In the mid-nineties, as I was settling into Seattle and getting Real Change going, I decided to make a point of having a life outside my work. The best idea I could come up with on how to do that was to cultivate an interest in ancient lit, and find a group of folks who shared my obsession. Some people play bridge. Some people golf. I looked for people who wanted to discuss Thucydides. Call me a freak.
One by-product of this fateful decision was my Classics Corner column, which I wrote for Real Change from 1999-2004. This was a literary column of sorts in which I referred to myself in the first person plural and tried to be funny while discussing current affairs and, mostly, ancient Greek literature.
It doesn't sound like it would work, but it did. People started buying the paper for the column, and three years later I still meet people who ask for it back. My twin daughters came along in March of 2003, and within a year it was clear some things had to go. These included practicing the guitar and banjo, teaching myself ancient greek, and writing the damn column.
I put the old columns up on a website, but no one really seemed to care or notice.
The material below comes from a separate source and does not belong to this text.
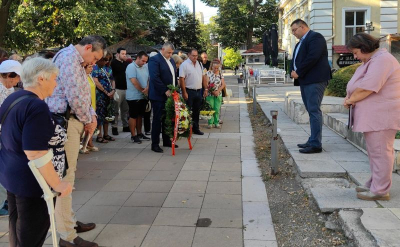 БСП и БАС отбелязаха Девети септември пред Братската могила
When the renewal notice came this month, I decided to let it go. But today, as I scraped moss off my roof and meditated on my love of the Northwest, it occurred to me that I could put all those columns on a blog for FREE!
So I did. The Classics Corner blog now lives, and I put a link underneath my profile. Today I put up most of the columns from 2000. It was bittersweet to come across a column where I prognosticate that G.W. Bush could not possibly become President. A few favorites include a column on King Lear, a short history of the town of Sappho on the Olympic Peninsula, and the Socratic proof that Slade Gorton has no soul. As I find time, I'll get all the Classics Corners I ever wrote onto the blog, even the ones that sucked.
It's still hard for me to imagine me taking up this column again, but this, I suppose, moves me a step closer.